YUO HAXXORED MAH GIBBON!!11111!2

Despite the movie having a convoluted plot and bizarre middle section that feels riffed from The Blues Brothers of them trying to get the band back together, I always enjoy a periodic rewatch of this film for a number of reasons. First off, the newer restored Blu-Ray version looks fantastic, just as they did with the series, and makes it much more watchable for little details I never noticed before, like Ruri’s Spock-like facial expressions and gestures in some scenes. Second, although sassy deadpan twelve-year-old Ruri is still the king of drip, fifteen-year-old Captain Ruri can still dish out, and then hack your Gibson for breakfast. She does not play games. Third, despite the plot being convoluted, once you put it all together in your head, perhaps after four rematches, it makes for a pretty fun film when you get down to the starship and mecha combat.
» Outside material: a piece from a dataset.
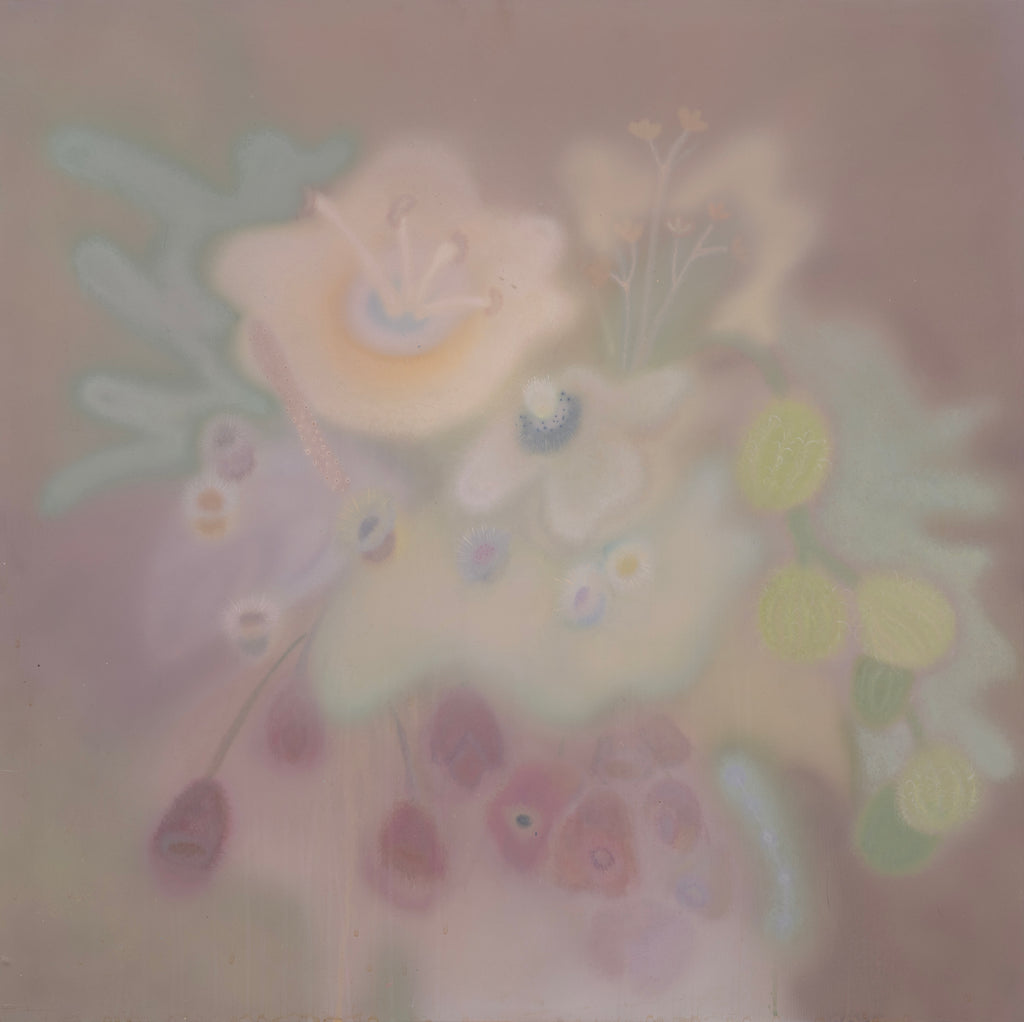 Untitled, MISHA, 2024Acrylic on wood panel80.0 × 80.0 cm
You’d almost be pressed to want more.

Instead, the most unlikely source of new Nadesico material we have seen over the past twenty-seven years since this film released is by the people who write the story and dialogue for the Super Robot Wars games. Nadesico has been featured in seven games since debuting in SRW:A in 2001, and The Prince of Darkness has also been in seven games since debuting in SRW:R in 2002. Both titles were on the GBA, and R especially was also the debut of After War Gundam X. The soundtrack slaps.

Because the SRW games mesh together different series plots and characters, you often get some interesting and well-thought out improvements to characters you wouldn’t expect. Evangelion’s Shinji, for example, get the love, care, and attention he deserves while being taught how to BE A MAN by the fucking Shin Getter Robo team of all people. Likewise, Dark Akito gets some lessons in humanity in SRW:V. The fact that they keep going back to Nadesico though a lot shows there is still tremendous popularity with the franchise, and always gives me hope that maybe Production I.G might consider a revival. At quick glance on MAL, most of the principal VAs are still alive and/or active, save for Ichijou Miyuki who played Howmei who passed away in 2023. But even if we just got a new cast and crew and a couple of favorites like Ruri and Yurika, I’d be down for that. At a time when Ranma 1/2 is making a comeback, and other franchises are seeing the potential of rebooting, I am down for this tiny little universe that is still being sustained by mostly giant robot video games.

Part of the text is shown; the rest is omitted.